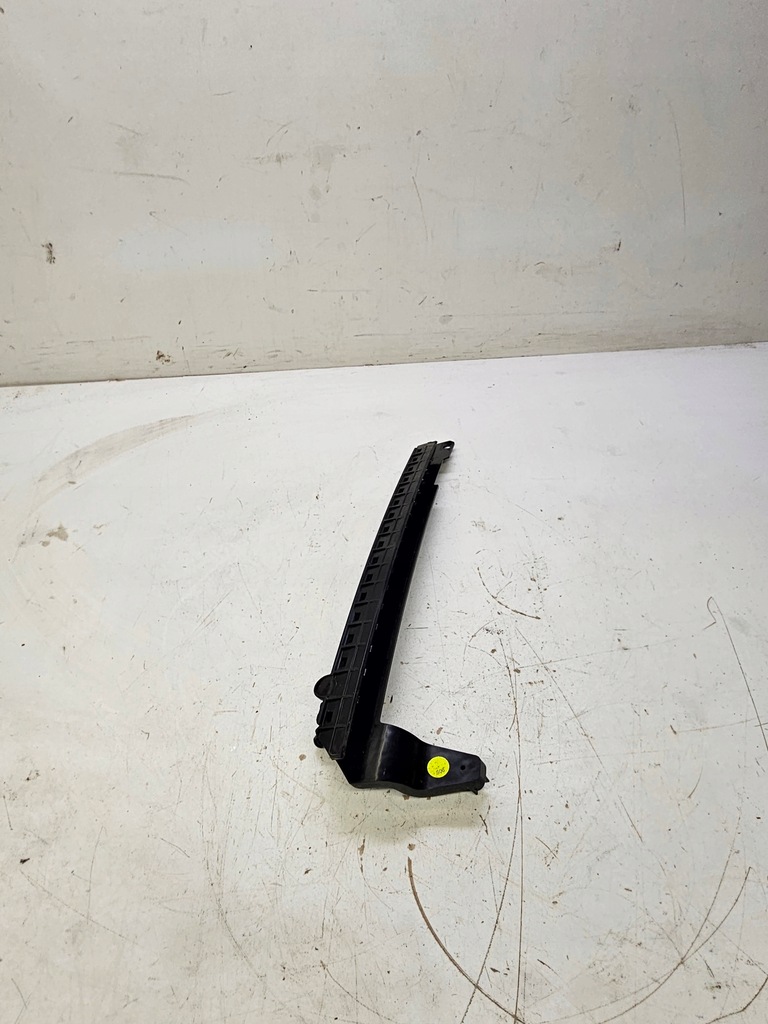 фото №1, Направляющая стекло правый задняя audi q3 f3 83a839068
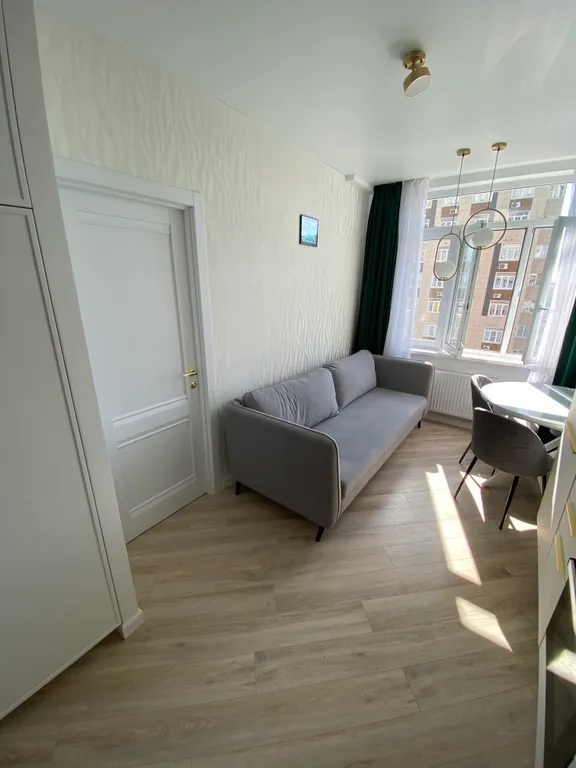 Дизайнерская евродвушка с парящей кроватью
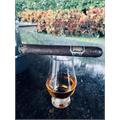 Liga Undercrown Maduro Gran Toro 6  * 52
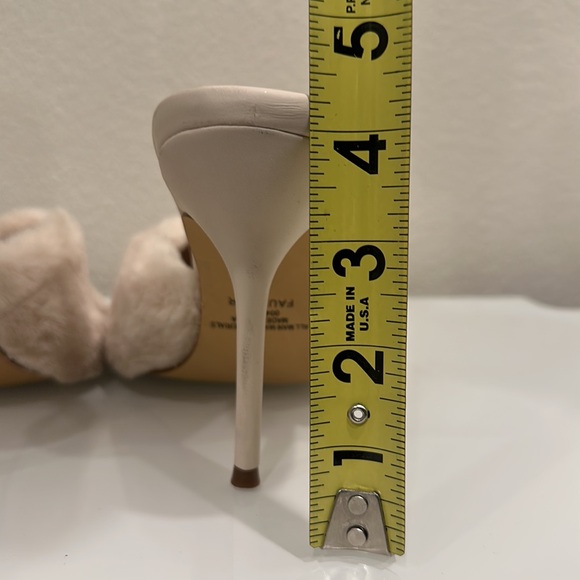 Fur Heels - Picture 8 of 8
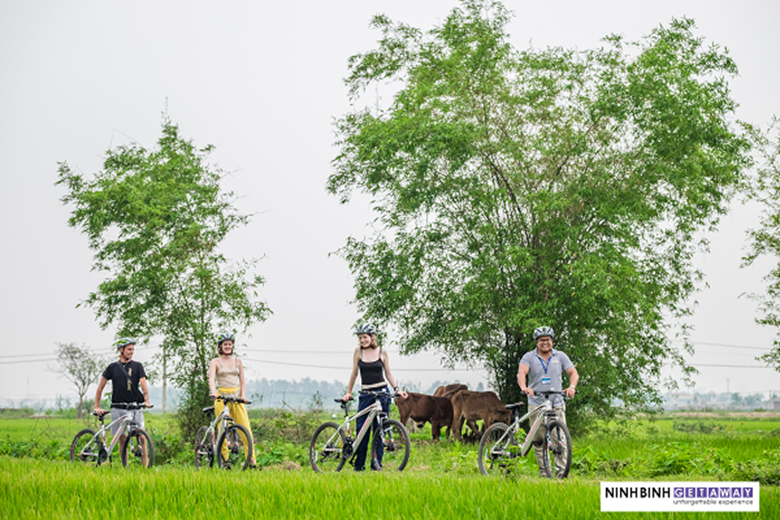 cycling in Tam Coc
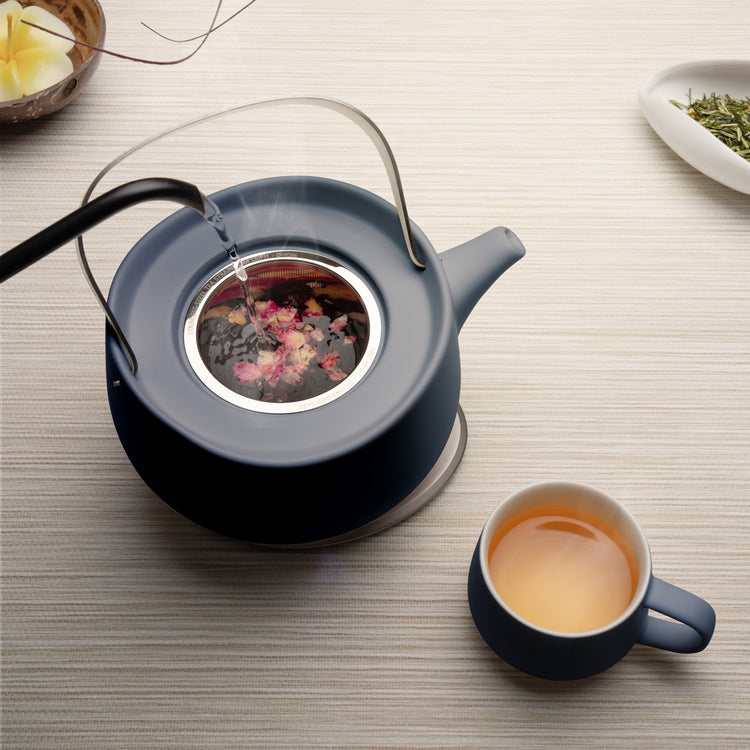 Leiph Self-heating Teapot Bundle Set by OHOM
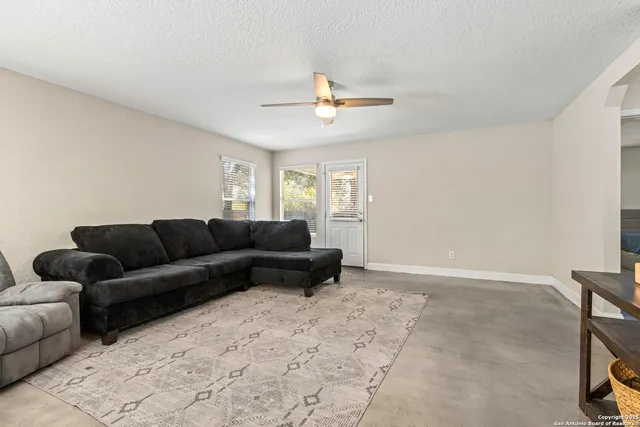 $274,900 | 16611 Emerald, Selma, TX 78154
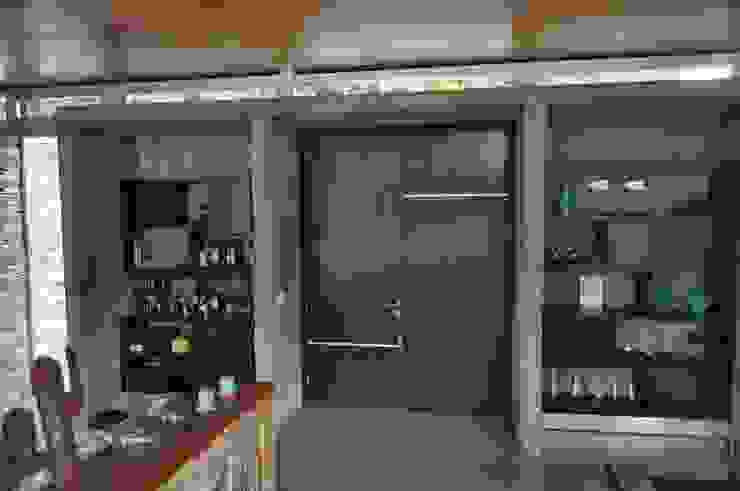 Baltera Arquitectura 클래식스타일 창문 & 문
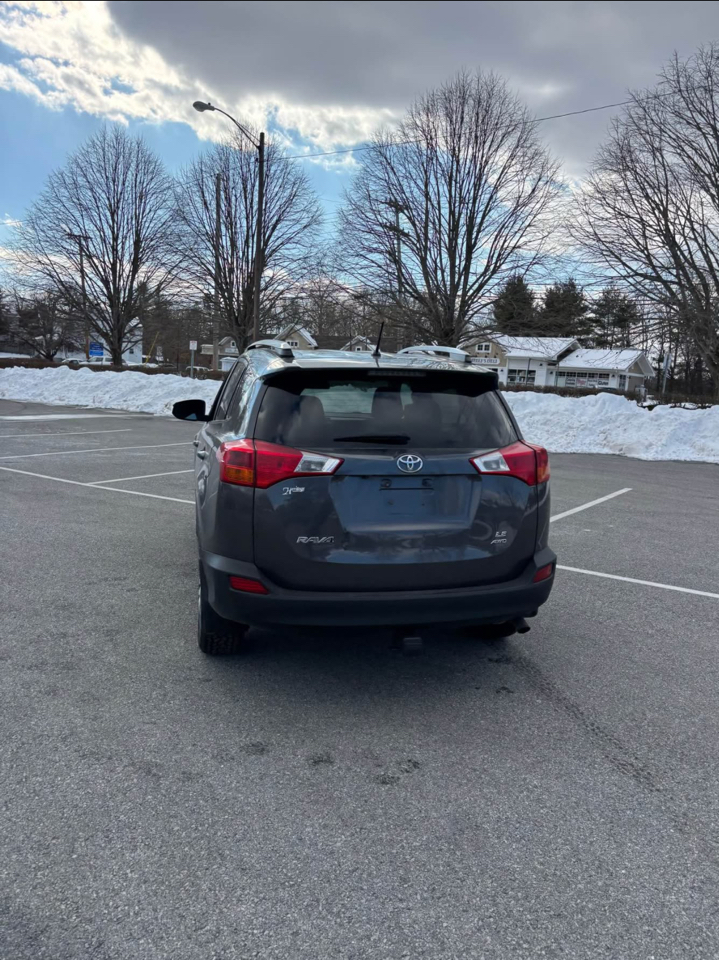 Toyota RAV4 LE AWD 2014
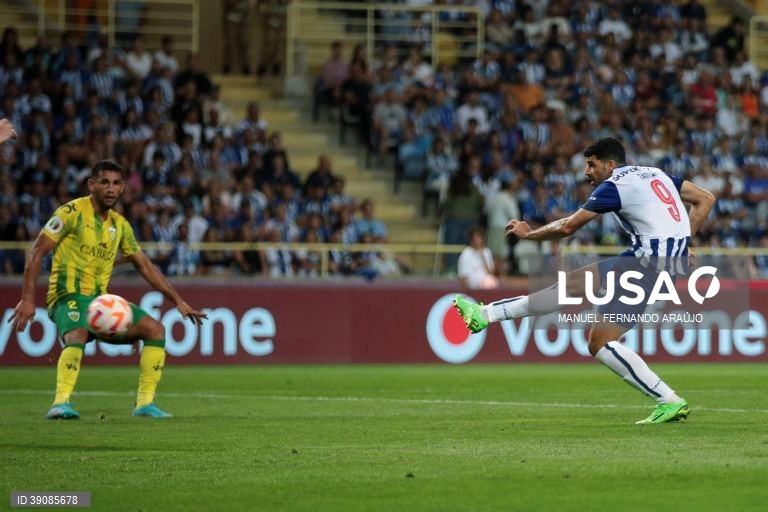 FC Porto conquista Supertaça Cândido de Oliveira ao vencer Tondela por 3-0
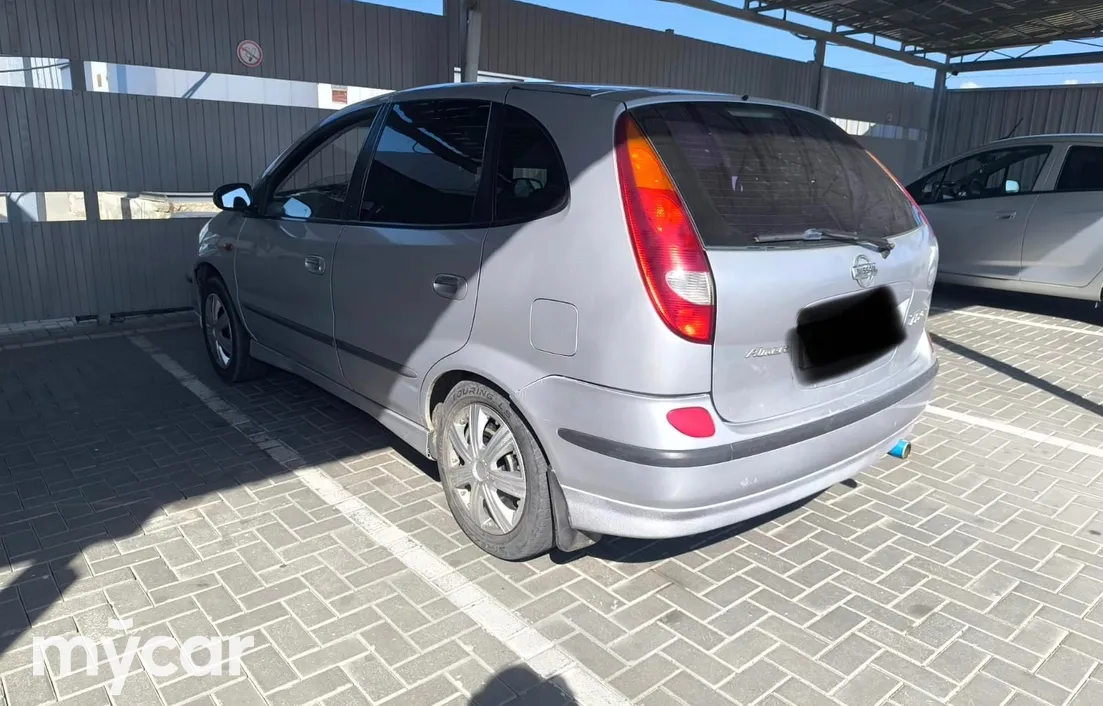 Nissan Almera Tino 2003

> _WHAT THE EXERCISE ASKS_
Write out all the entries exactly, except for the pictures.

> _OUTPUT FOR THIS TASK_
 фото №1, Направляющая стекло правый задняя audi q3 f3 83a839068
 Дизайнерская евродвушка с парящей кроватью
 Liga Undercrown Maduro Gran Toro 6  * 52
 Fur Heels - Picture 8 of 8
 cycling in Tam Coc
 Leiph Self-heating Teapot Bundle Set by OHOM
 $274,900 | 16611 Emerald, Selma, TX 78154
 Baltera Arquitectura 클래식스타일 창문 & 문
 Toyota RAV4 LE AWD 2014
 FC Porto conquista Supertaça Cândido de Oliveira ao vencer Tondela por 3-0
 Nissan Almera Tino 2003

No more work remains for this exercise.